Here, we were able to show that CXCL13 can be monitored systemically and is elevated in TCMR compared to borderline rejection and controls. In addition, increasing CXCL13 values in the first week after ktx were indicators for acute rejection with B-cell rich infiltrates in two more patients. Furthermore, in a murine model for TCMR after ktx with similar histological TCMR patterns as in patients, we verified systemic upregulation of CXCL13 in blood as well as on an mRNA-level in the allografts. Taken together, our data indicate that CXCL13 blood levels can function as a readily available biomarker for B-cell involvement in T cell-mediated rejection and possibly as a therapeutic target.

2. Results

2.1. B-cell Involvement in Kidney Allograft Rejection in Patients

Different morphologies have been described for renal allograft rejection. We characterized different B-cell expression patterns (Figure 1A–E) in 67 randomly selected human biopsies with TCMR and graded them as B-cell rich infiltrates if more than 30 CD20+ cells were detected per high power field (HPF) (Figure 1E).

Figure 1.

Figure 1

CD20+ cells were detected as part of inflammatory infiltrates in patient biopsies with TCMR (AD, bar: 100 μm)) in subcapsular, tubular-interstitial (atrophic and non-atrophic) areas as well as in nodular infiltrates. In the non-rejection state, no CD20 positivity is detectable (data not shown).

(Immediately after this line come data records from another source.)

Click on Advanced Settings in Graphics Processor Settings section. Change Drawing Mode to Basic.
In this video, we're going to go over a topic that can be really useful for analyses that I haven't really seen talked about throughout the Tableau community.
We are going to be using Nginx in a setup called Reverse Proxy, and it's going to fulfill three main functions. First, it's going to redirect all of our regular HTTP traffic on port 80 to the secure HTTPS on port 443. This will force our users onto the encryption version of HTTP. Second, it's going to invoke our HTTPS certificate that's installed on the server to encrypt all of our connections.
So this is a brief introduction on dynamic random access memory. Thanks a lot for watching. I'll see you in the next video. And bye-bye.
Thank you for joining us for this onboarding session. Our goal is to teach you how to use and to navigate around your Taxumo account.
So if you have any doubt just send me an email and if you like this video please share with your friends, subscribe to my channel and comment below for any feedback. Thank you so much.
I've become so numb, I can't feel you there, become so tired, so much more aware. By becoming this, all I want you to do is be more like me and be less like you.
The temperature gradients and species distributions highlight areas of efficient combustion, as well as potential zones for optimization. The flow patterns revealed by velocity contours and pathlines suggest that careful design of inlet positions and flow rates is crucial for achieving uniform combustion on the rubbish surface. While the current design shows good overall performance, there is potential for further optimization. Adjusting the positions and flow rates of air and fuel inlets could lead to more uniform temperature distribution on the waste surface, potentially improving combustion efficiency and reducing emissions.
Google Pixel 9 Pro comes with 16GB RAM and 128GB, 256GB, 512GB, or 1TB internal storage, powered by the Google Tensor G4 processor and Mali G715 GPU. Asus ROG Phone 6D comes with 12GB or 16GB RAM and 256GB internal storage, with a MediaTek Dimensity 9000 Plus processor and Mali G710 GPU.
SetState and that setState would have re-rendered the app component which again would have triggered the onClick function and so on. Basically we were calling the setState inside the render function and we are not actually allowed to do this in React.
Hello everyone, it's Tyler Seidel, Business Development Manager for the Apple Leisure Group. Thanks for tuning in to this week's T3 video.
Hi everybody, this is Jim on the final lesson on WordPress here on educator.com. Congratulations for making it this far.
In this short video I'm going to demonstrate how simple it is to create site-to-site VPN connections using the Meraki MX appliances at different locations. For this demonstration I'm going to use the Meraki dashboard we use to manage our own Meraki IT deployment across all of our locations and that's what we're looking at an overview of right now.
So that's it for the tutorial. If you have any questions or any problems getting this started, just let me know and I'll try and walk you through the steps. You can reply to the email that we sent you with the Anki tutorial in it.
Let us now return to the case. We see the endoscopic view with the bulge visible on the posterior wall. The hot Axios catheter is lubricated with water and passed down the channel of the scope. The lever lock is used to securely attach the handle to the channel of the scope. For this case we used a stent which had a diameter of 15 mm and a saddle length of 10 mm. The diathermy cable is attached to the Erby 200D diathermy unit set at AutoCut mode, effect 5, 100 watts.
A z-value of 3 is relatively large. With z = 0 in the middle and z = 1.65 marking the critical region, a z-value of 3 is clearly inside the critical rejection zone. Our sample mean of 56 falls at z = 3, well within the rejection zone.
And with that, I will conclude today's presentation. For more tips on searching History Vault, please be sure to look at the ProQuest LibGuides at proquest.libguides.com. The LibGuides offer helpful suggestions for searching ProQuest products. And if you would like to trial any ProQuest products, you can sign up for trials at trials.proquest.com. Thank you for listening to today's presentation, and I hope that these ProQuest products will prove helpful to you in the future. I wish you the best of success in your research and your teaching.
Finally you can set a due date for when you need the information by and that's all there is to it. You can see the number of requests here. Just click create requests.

CD20+ cells were quantified in 67 randomly selected human biopsies with TCMR and graded as B-cell rich (>30 CD20-positive cells/hpf). In subcapsular infiltrates, 17.9%, in interstitial-nodular infiltrates, 12.5%, and in interstitial/atrophic areas, 21.4% were B-cell rich. The Banff-relevant interstitial non-atrophic areas contained 8.9% B-cell rich infiltrates (E). Serum CXCL13 levels are increased in patients with TCMR (Banff1a) compared to patients with borderline or no rejection (** p = 0.01; * p = 0.05) (F). Four patients had CXCL13 measurements during the first week after ktx (G). All had low levels of CXCL13 prior to ktx and two patients developed a relevant increase of CXCL13 levels up to day 7. Biopsy revealed a rejection with B-cell rich infiltrates (H,I, bar: 200 μm).

We found CD20+ rich infiltrates in 83.6% (n = 56) of the biopsies while only 16.4% were negative for CD20. The B-cell infiltrates were localized in the subcapsular region in 28.6% of renal biopsies, of these 17.9% contained more than 30 CD20+ cells per HPF. In 19.6% of the biopsies, interstitial-nodular infiltrates occurred, and 12.5% contained more than 30 CD20+ cells per HPF. The majority of CD20+ infiltrates was detected in interstitial/atrophic areas of biopsies (60.7%), more than 30 CD20+ cells per HPF were detected in 21.4% of the biopsies. Interestingly, the nodular infiltrates showed starry sky macrophages and signs of tertiary lymphoid organ formation (TLO) as depicted by CD3 and CD68-stains (Figure S1).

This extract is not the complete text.